One of the many reasons for the quickness with which the state moves to reduce the funding of its schools is an awareness of students’ passive–even ignorant–attitudes toward their collective social status as students. It is sometimes said that students cannot form a class because of the temporal nature of their situation. Students are always looking forward, identifying pro actively with what they hope to become, and as a result neglect their current status. Often, they hold no jobs, and those who do hate their jobs, dreading the wasted hours behind a cash register, for example, but seeing it as a necessary evil.

An awareness of this can guide our efforts. If students identify as future journalists, artists, teachers, researchers, etc., we should start by appealing to them as such. Show what awaits. This is not an economic conflict, where wage earners fight their bosses for better pay and better conditions. The fact that tuition may go up $600 dollars is largely met with indifference. Instead, the conflict is almost entirely social. What is needed now is to unmask the social conditions that await by revealing the obsolescence of deeply entrenched attitudes about education, attitudes that come mainly from the working class of previous generations who saw a college education as a ticket to the middle class.

How many English majors are out there, for example, with the illusion that they might one day get paid to immerse themselves in reading and writing? How many business majors are living in denial about their prospects? Even the grad student’s hope of making it into academe, to live the “Life of the Mind” is now just an hallucination. A recent article from the Chronicle of Higher Education describes one student’s struggle:

She was the best student her adviser had ever seen (or so he said); it seemed like a dream when she was admitted to a distinguished doctoral program; she worked so hard for so long; she won almost every prize; she published several essays; she became fully identified with the academic life; even distancing herself from her less educated family. For all of those reasons, she continues as an adjunct who qualifies for food stamps, increasingly isolating herself to avoid feelings of being judged. Her students have no idea that she is a prisoner of the graduate-school poverty trap. The consolations of teaching are fewer than she ever imagined.

Students in California are putting the emphasis on the fact that we’ve become “damaged goods,” thrown into a hopeless job market where delayed periods of unemployment are thought by employers to be corrupting. This is probably the right first step. Shatter the illusion. Another recent article by Don Peck in the Atlantic, “How a New Jobless Era Will Transform America,” gives an analysis of the effect recessions have on youth entering the workforce:

[A] whole generation of young adults is likely to see its life chances permanently diminished by this recession. Lisa Kahn, an economist at Yale, has studied the impact of recessions on the lifetime earnings of young workers. In one recent study, she followed the career paths of white men who graduated from college between 1979 and 1989. She found that, all else equal, for every one-percentage-point increase in the national unemployment rate, the starting income of new graduates fell by as much as 7 percent; the unluckiest graduates of the decade, who merged into the teeth of the 1981-82 recession, made roughly 25 percent less in their first year than graduates who stepped into boom times.

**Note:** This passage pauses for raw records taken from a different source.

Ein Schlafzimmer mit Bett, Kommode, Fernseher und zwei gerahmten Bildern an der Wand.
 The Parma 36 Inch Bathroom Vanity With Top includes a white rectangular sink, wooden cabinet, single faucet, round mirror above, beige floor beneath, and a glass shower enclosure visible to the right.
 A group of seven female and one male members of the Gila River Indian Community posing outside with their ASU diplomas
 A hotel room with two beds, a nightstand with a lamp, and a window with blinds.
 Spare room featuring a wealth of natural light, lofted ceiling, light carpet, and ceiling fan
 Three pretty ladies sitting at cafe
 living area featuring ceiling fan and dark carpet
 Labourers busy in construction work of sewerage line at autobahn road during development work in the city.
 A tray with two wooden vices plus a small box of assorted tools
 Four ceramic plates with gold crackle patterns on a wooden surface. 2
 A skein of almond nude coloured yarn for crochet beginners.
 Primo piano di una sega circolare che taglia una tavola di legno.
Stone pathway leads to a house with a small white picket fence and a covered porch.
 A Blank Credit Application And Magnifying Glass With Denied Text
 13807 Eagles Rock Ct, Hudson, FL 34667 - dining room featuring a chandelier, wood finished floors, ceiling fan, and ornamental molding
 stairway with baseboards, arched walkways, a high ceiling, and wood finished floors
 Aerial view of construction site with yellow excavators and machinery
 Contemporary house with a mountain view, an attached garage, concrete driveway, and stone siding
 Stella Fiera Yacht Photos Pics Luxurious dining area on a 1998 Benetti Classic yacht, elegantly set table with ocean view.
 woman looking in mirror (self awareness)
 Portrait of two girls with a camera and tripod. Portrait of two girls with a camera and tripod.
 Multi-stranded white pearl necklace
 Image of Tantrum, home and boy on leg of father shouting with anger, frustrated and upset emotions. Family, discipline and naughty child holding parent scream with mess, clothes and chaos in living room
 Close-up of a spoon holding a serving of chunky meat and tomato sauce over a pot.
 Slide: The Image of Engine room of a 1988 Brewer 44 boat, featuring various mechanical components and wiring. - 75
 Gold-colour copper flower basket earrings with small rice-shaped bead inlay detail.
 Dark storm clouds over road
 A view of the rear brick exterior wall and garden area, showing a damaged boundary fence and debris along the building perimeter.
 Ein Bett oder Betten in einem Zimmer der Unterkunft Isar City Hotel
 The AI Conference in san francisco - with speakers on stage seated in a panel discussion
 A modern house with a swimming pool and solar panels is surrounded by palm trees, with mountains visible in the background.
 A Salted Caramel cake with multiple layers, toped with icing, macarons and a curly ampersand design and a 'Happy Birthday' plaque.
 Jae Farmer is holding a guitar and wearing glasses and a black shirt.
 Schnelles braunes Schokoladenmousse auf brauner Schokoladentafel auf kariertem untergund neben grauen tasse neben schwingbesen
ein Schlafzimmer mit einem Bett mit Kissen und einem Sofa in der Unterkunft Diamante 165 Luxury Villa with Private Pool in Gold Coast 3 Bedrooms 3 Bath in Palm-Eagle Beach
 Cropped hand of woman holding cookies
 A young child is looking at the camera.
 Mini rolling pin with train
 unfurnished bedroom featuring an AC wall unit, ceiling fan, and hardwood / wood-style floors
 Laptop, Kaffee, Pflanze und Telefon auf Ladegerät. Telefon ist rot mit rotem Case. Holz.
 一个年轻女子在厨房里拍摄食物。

But what’s truly remarkable is the persistence of the earnings gap. Five, 10, 15 years after graduation, after untold promotions and career changes spanning booms and busts, the unlucky graduates never closed the gap. Seventeen years after graduation, those who had entered the workforce during inhospitable times were still earning 10 percent less on average than those who had emerged into a more bountiful climate. When you add up all the earnings losses over the years, Kahn says, it’s as if the lucky graduates had been given a gift of about $100,000, adjusted for inflation, immediately upon graduation or, alternatively, as if the unlucky ones had been saddled with a debt of the same size.

It’s difficult–maybe impossible–to see anything promising in the present or the future. Shit is fucked up. As students from Boston have put it, “The only assurance we have in the present future is uncertainty. The uncertainty of whether we are able to complete college. The uncertainty of getting a job after graduating. The uncertainty of having enough food to feed ourselves. The uncertainty of living life. Only these uncertainties are for certain.”

But in unmasking this reality, we create new possibilities for the future. Our vacant futures can unite us. In shattering our dreams, the present conditions force us to see ourselves not pro actively, taking on the identity of what we hope to be, but actively, as what we are: students who share a common struggle.

Occupations and walk-outs become meaningless without this context. The attack on public education depends in the first place on student identity, or student consciousness. So also does the fight against it.